Put another way, does every download implicate a public performance by transmission? In U.S. v. ASCAP (In re Realnetworks),1 decided last month, the Second Circuit reviewed a fee determination for the use of ASCAP-represented songs by several online services. The uses included both streaming and downloading; the court ruled that the downloads did not constitute public performances within the meaning of the United States Copyright Act.
The Copyright Act defines “to perform a work” as “to recite, render, play, dance, or act it, either directly or by means of any device or process….” Construing this language, the court, affirming the district court’s interpretation of the statute, determined that the concept of performance implied simultaneous perception by the listener or viewer. Because downloads deliver mute files for later listening, they are not performances. (When the recipient listens to the music, there will be a performance, but it will not be “public” and therefore falls outside the composers’ exclusive rights.)
The downloads at issue in this appeal are not musical performances that are contemporaneously perceived by the listener. They are simply transfers of electronic files containing digital copies from an on-line server to a local hard drive. The downloaded songs are not performed in any perceptible manner during the transfers; the user must take some further action to play the songs after they are downloaded. Because the electronic download itself involves no recitation, rendering, or playing of the musical work encoded in the digital transmission, we hold that such a download is not a performance of that work, as defined by §101.
The court also rejected ASCAP’s contention that the transmission of the music to users for downloading constituted a “public performance” because the copyright act defines that term to include “to transmit or otherwise communicate a performance or display of the work … to the public, by means of any device or process, whether the members of the public capable of receiving the performance or display receive it in the same place or in separate places and at the same time or at different times.” The argument failed, held the court, because the transmission must be of a “performance”; the transmission alone does not suffice:
A stream is an electronic transmission that renders the musical work audible as it is received by the client-computer’s temporary memory. This transmission, like a television or radio broadcast, is a performance because there is a playing of the song that is perceived simultaneously with the transmission. In contrast, downloads do not immediately produce sound; only after a file has been downloaded on a user’s hard drive can he perceive a performance by playing the downloaded song.

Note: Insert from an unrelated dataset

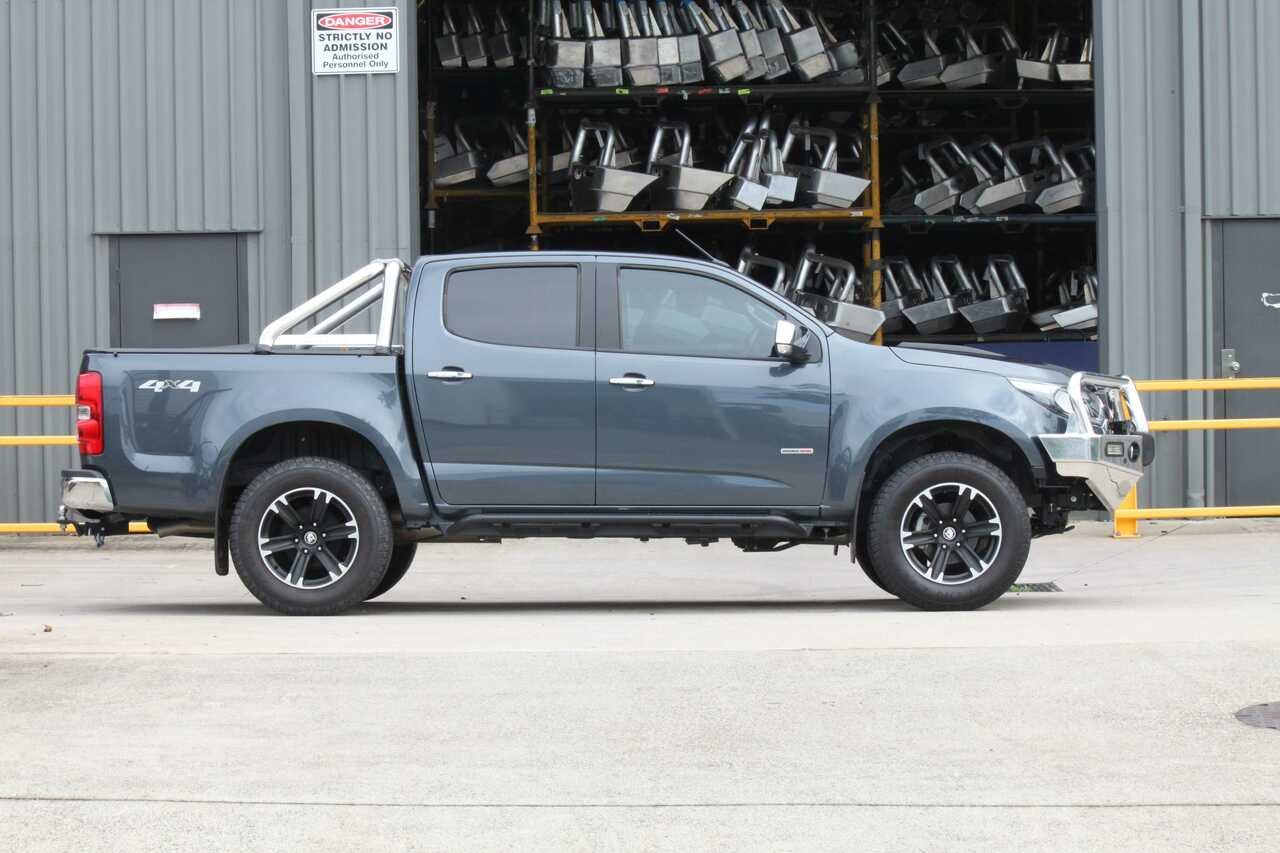 Holden Colorado Rock Sliders 2017 on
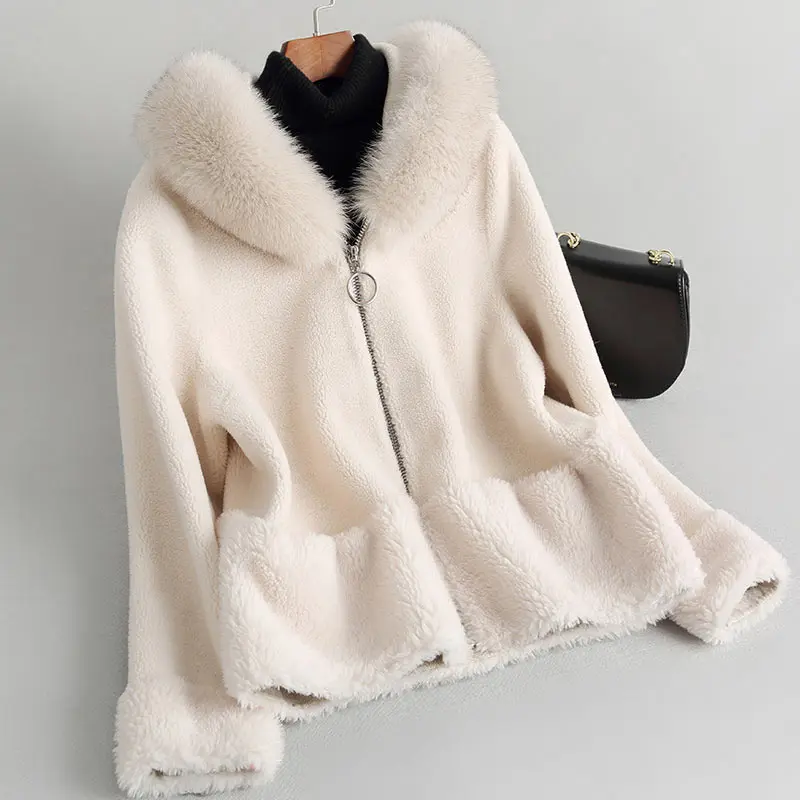 

2019 Winter Real Composite Lamb Fur Coat Women Genuine Wool Fur Coat/Jacket Faux Suede Leather Liner with Fox Fur Hood A169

Unlike musical works played during radio broadcasts and stream transmissions, downloaded musical works are transmitted at one point in time and performed at another. Transmittal without a performance does not constitute a “public performance.”

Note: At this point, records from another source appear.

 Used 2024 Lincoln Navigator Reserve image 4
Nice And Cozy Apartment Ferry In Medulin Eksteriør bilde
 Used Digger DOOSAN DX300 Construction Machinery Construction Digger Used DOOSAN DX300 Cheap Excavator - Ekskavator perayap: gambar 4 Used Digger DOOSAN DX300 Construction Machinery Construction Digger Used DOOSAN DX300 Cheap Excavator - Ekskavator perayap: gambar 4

Under the Second Circuit’s interpretation, a “performance” “like a television or radio broadcast, is … a playing of the song that is perceived simultaneously with the transmission.” Lest the court be misunderstood, it is important to note that broadcasts are performances whether or not they are in fact “perceived simultaneously with the transmission,” because they are “played” or “rendered” at the point of origin. That is, even if no one turns on the radio or television to receive the transmitted program, the transmission nonetheless remains a transmission of a “performance.” The same is true for streams that are “playing” as they are transmitted. “Perceived simultaneously” therefore should be understood to mean capable of contemporaneous perception, or, as the district court put it, “transmitted in a manner designed for contemporaneous perception.”2 By the same token, the introduction of a short interruption, such as the three-second delay imposed on live broadcasts, should not deprive the reception of its “contemporaneous” character.
The Second Circuit noted (at footnote 9) that “Our opinion does not foreclose the possibility, under certain circumstances not presented in this case, that a transmission could constitute both a stream and a download, each of which implicates a different right of the copyright holder.” This reservation, also expressed by the district court,3 is crucial, for the distinction between streaming and downloading may prove more daunting than the facts of this case suggest. The requirement that, to be “performed” by transmission, the work must be transmitted in a manner designed for contemporaneous perception is consistent with the statutory definition of “to perform.”4 Nonetheless, the distinction between transmissions designed for contemporaneous perception and those designed for subsequent perception may not fully correspond to the spectrum of online communications of works that are performed or displayed. The distinction does reflect the extremes of the spectrum: downloads of songs, for example, from iTunes (reproduction), and webcasting, in which songs are “playing” on a website to which users can connect (public performance). The “contemporaneous perception” characterization also seems to fit audio and video on demand that the user receives “simultaneously” in real time.
But “simultaneously in real time” can in fact be elusive. Suppose, for example, that the user connects to an online music service and listens immediately to the songs she selects. For the Second Circuit, this communication would plainly be a public performance. Now suppose that the music starts to play, but then the user chooses to “pause” the performance for a few minutes, or perhaps hours. When she hits “play” again, the music resumes, but, depending on how the service works, the music might be “coming from” the server of the online service, with the “rendering” of the music therefore resuming in real time, or it may be emanating from the user’s own computer, having been “sent” to her computer when she requested to hear, or when she paused, the song. If one takes “contemporaneous perception” at face value, perhaps only the first transmission is a “performance” of the music. But it is problematic for the characterization of the exploitation to turn on what happens once the user pushes the pause button.5
The court’s reservation of the possibility that some transmissions may be hybrids calling into play both the reproduction and public performance rights may be pertinent to some other exploitations on the spectrum between delivery of mute files (downloads) and simultaneously perceived communications such as broadcasts and streaming. If there is no “performance” unless the work is “played” either at the point of origin, or at the moment of receipt, then similar communications may be classified as performances (or not) solely on the basis of the technology of the transmission. For example, suppose a listen-on-demand scheme that allows the consumer to listen once to the work at the time chosen by her. The service does not in fact transmit the music at the time requested, but sends it during low traffic hours, to remain dormant on the listener’s computer until the appointed time. To the listener, the transmission will “feel” like a “broadcast” or a “stream,” but it is technically a “download” because the music file will have been sitting inertly in the computer during the time between the actual transmission, say 4 a.m., and the time the user told the service she wanted to hear the song, say, 4 p.m. Does it make sense for the rights at issue to depend on whether the service sends the song at 4 a.m. or 4 p.m.?
Or suppose that the work is being both broadcast and simultaneously streamed to the user’s set-top box, which records the work as it is being transmitted; the consumer views the recorded transmission at a later date. Under a test which looks to whether the transmission was capable of contemporaneous perception, the broadcast or streaming is a public performance because it was communicated in a manner that allowed it to be simultaneously perceived, even though only the set-top box was home to perceive it. The consumer’s subsequent private viewing, albeit consciously not contemporaneous with the initial communication, should not detract from the characterization of the initial communication as a public performance. Because the court stopped short of imposing an “either/or” characterization of the exploitation, it left room for future adjudications to interpret the scope of the rights flexibly to address the full range of economic interests at stake.